Wypłata miliardowej dywidendy z największej polskiej firmy ubezpieczeniowej planowana jest na 26 listopada. Spółka wypłaci akcjonariuszom łącznie 12,75 mld zł. Na tę sumę składają się niewypłacane od trzech lat zyski oraz tzw. dywidenda zaliczkowa z tegorocznego zysku. Do wypłaty 147,65 złotych (brutto) przypadających na jedną akcję będą mieli prawo akcjonariusze wpisani do księgi akcyjnej towarzystwa 19 listopada.

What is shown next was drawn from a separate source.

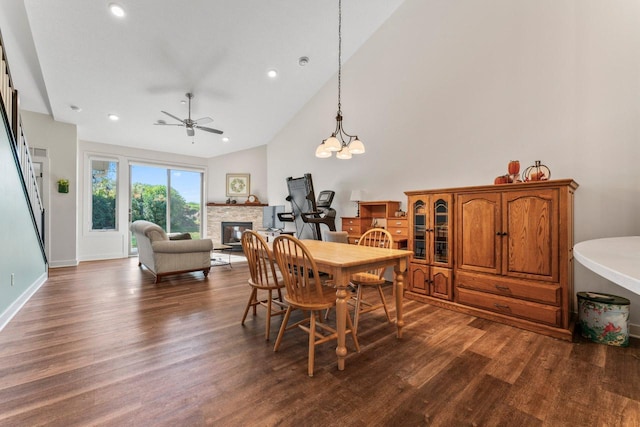 646 Shardlow Pl NE, Byron, MN 55920 - dining room with ceiling fan, dark wood-style flooring, a stone fireplace, and high vaulted ceiling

Odblokowanie wypłaty dywidendy jest elementem podpisanej 1 października ugody między dwoma największymi akcjonariuszami PZU: Skarbem Państwa (55 proc. akcji) i Eureko (32 proc.). Od ośmiu lat walczyli oni o kontrolę nad ubezpieczycielem. Teraz w ramach porozumienia zagraniczny inwestor zgarnie 6,9 mld zł, a Skarb Państwa zadowoli się 3,5 mld zł. W zamian Holendrzy zgodzili się zmniejszyć swój swój udział w polskiej spółce.
W dziesiątce największych firm (z akcjami pracowniczymi) wpisanych wczoraj do księgi akcyjnej PZU są tylko dwa polskie podmioty: BRE Bank i Bank Gospodarstwa Krajowego.
Druga po JP Morgan Securities jest powiązana z Eureko spółka Insurance Network Services z Rotterdamu. Pozostali inwestorzy to głównie firmy amerykańskie, a także zarejestrowane na Bermudach czy w Malezji. Większość z nich to fundusze inwestycyjne, np. bermudzkie Nowe Finanse Ltd., zarządzane przez brytyjską firmę Charlemagne Capital. Przed rokiem w ciągu zaledwie kilku miesięcy fundusz stał się szóstym akcjonariuszem PZU. Nowe Finanse Ltd. zainwestowały w akcje ubezpieczyciela pieniądze pochodzące ze sprzedaży certyfikatów inwestycyjnych zaoferowanych prywatnym inwestorom.